We soon understood the real meaning of recycling, learning to use the same water several times. As we walked 2 km up a dirt track to get water the locals would call out, “Poh lay, poh lay” which means “Sorry for your work”. They must have wondered what mzungu (white people) were doing carrying water. When I wondered how we were going to manage this living experience for 10 days, my 13-year-old daughter reminded me “home is wherever we are together”.

Meeting the village children was an amazing experience. They were happy, friendly and giving. They wore the same clothes everyday, thin and barely held together, but they were so joyous. We gave them pencils and they were genuinely thankful. Naively, we had assumed they would have paper, which of course they didn’t, so we had to tear pages from a book before the pencils could be used.

We saw first hand the African saying “it takes a whole village to raise a child”. While travelling on a hot and crowded della della (bus) – 26 people in an 11-seater – children were passed through the windows wherever there was a space. Without a word, they were cared for by the passengers and fed if needed. I had the honour of nursing a child on the della della into town one afternoon. She looked at my white face and laughed all the way. Once you make friends with a local you became part of the family. 

We came back to the village late one evening to find the local shop shut. We only had a single pineapple to eat so we went to bed hungry. It was a sharp reminder that many in the village would have been hungrier than we were that night.

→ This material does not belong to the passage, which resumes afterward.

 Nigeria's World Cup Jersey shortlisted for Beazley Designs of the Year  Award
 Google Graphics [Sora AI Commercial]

Up the road from Sinon Secondary School there’s a small primary run by Mama Angela. Compared to Sinon, this school is very, very poor. Children have to share pencils – one between four or five. But Mama Angela doesn’t let lack of resources stop her from providing care and education. She is a warm, happy and positive lady.

Australians contribute

Frank O’Shea is seen as something of a saint in this community. He has created real opportunities for the people. He has also influenced other ventures by Australians in this part of the world. In fact, it’s surprising how many Australians have contributed by donating money, providing services, working as builders and volunteering.

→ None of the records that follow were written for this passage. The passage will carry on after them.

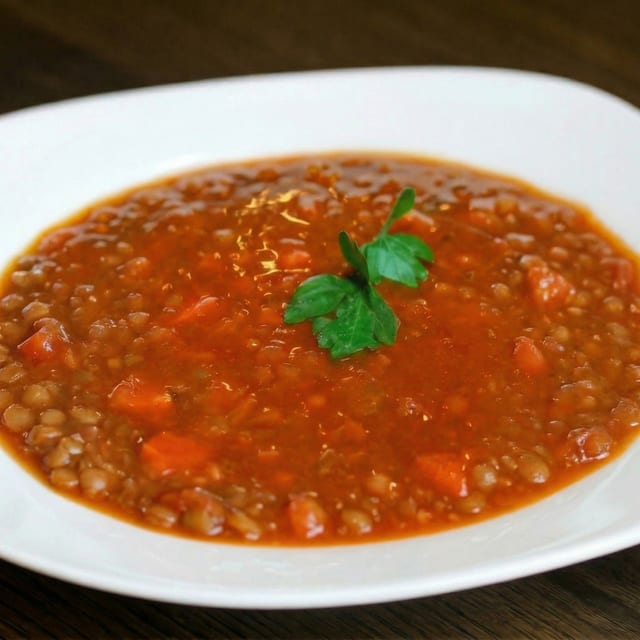 Vegetable Lentil Soup.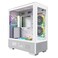 Montech Sky Two Dual Tempered Glass 4X PWM ARGB Fans PreInstalled ATX Gaming Mid Tower Computer Case Type C High Airflow Performance White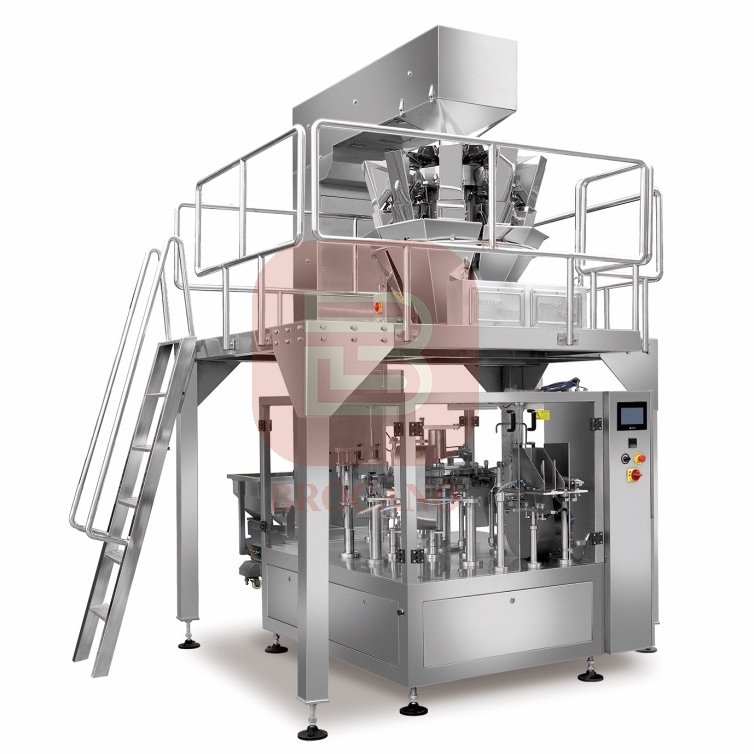 Rotary Packing Machine (Premade Pouch) With Multihead Weigher Machine ...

Food Water Shelter was established after five Australian women worked as volunteers at the Sinon Secondary School. It is a not-for-profit Australian, non-denominational, non-governmental organisation that builds and manages eco-friendly children’s villages in developing countries, providing education, social and health facilities for vulnerable women and children.

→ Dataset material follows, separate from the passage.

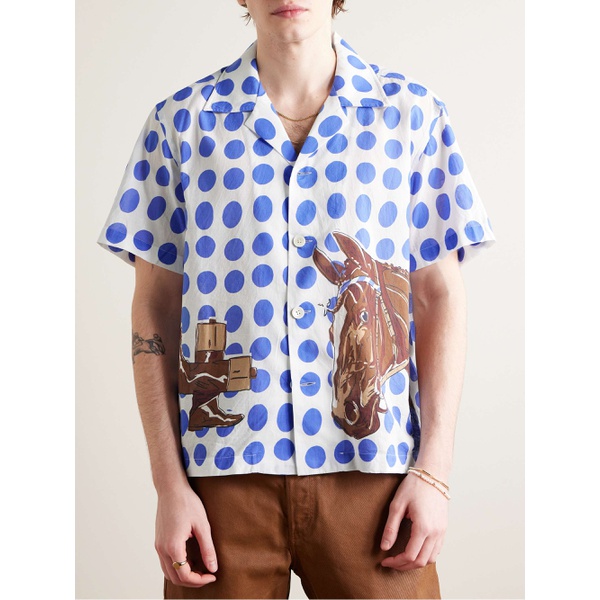  보디 BODE Jockey Dot Camp-Collar Printed Cotton-Voile Shirt 1647597326794145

KeshoLeo (which means tomorrow today in Swahili) is the organisation’s first children’s village in Tanzania and is home to 80 children. KeshoLeo recently won an Australian Institute of Architects environmentally friendly award.

A trip to the School of St Jude’s in Arusha provided another example of vision, passion and unrelenting action. Gemma Sisia, a country girl from NSW, has built the school from the ground up. The school educates the brightest of the poorest children and grows a year level each year. St Jude’s is funded by Rotary.

Gemma Sisia has had remarkable success, to the extent that 3,000 children apply for a place each year. The school has been running for eight years and there are now eight year levels. Every child at the school has a sponsor and volunteers are relied on to assist with teaching and administration.

At the end of six weeks, we were sad to be leaving these amazing people. We had gained an understanding that no matter the hardship, human spirit prevails and that happiness certainly is not about material goods.

My views also about education changed; we take for granted our easy access to education in Australia… this is such a privilege.

African wisdom and the proverb “I am because we are and we are because I am” also taught me what it means to educate for a global world. This means that my potential, my dignity and my future is enhanced because I belong to a community and the community’s dignity, potential and future is enhanced because I am part of it. We need to make sure we never lose our sense of community in schools or the worth of the individual.

Ian Wren is principal of Bacchus Marsh Primary School in Victoria. His school was featured on the cover of Education Today Term 4 2010 issue.